American Vanguard recently signed an agreement to acquire ChemChina’s U.S. abamectin, chlorothalonil and paraquat assets. “For some time, we have been reporting that industry consolidation will result in acquisition opportunities, and this is exactly the kind of deal that we had been anticipating,” says Eric Wintemute, American Vanguard chairman and CEO.

As a condition of their merger, DuPont entered a definitive agreement with FMC Corporation to divest a portion of DuPont’s Crop Protection business, including certain research and development capabilities, and to acquire essentially all of FMC’s Health & Nutrition business. DuPont will receive $1.2 billion in cash and $425 million in working capital, which satisfies DuPont’s commitments to the European Commission.

This propels FMC to fifth place among crop protection companies in the world with $1.5 billion in revenue in 2017, according to the company. 

Not just any company can fork over $1.2 billion. “Some of the assets in play are simply too large for medium sized companies to consider alone,” says Stoerger of Verdant Partners. “It’s likely you will see an exchange of these assets to other multinationals or to other large financial, private equity type groups.”

If that happens, farmers could see the big get still bigger.

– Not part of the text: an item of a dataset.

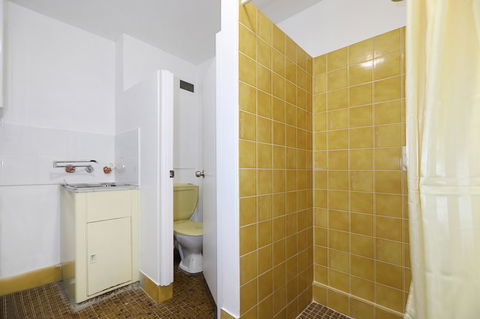 West Beach Lagoon 202 - Quiet & Ground Floor! - Accommodation Rockhampton 13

If everything goes to plan, the final two deals could be completed by the end of the year. With the Syngenta/ChemChina transaction closed, the company says nothing will change for farmers in the U.S. “Syngenta remains Syngenta,” they say.

Dow/Dupont plans to close their merger in the third quarter. They have approval from U.S., Europe, China and Brazil with just a few countries left.

Bayer and Monsanto have the longest wait until potential approval but say they are confident their deal will close by the end of the year. 

2016 U.S. Corn and Soybean Seed Market Share

Next year, the seed market could look substantially different as companies complete their mergers. This past year, though, market share from one company to the next didn’t change much. The data below is from KG MarketSense. Individual company data might slightly vary. 

“We’ve seen changes in market share in tenths of percentage points,” says David Soorholtz, KG MarketSense managing director. “Nothing of the magnitude that will occur with the mergers on the table now.”


Planted corn acres by company. (Jo Windmann/AgWeb)
 


Planted soybean acres by compnay. (Jo Windmann/AgWeb)
 

AgReliant Genetics Restructures Brands

Starting in 2018, AgReliant Genetics, North America’s third largest corn seed company, will go from eight representative brands to three—transitioning more than half of their brands into LG Seeds. AgReliant says this is part of a growth initiative. AgriGold brand in the U.S. and Pride Seeds in Canada will continue as they are today.

Seed brands going away and being replaced by the LG Seeds brand include Golden Acres Genetics, Great Lakes Hybrids, Eureka Seeds, Producers Hybrids and Wensman Seed. The company says it will combine the “best practices of each brand while maintaining its current employees, facilities and existing relationships.”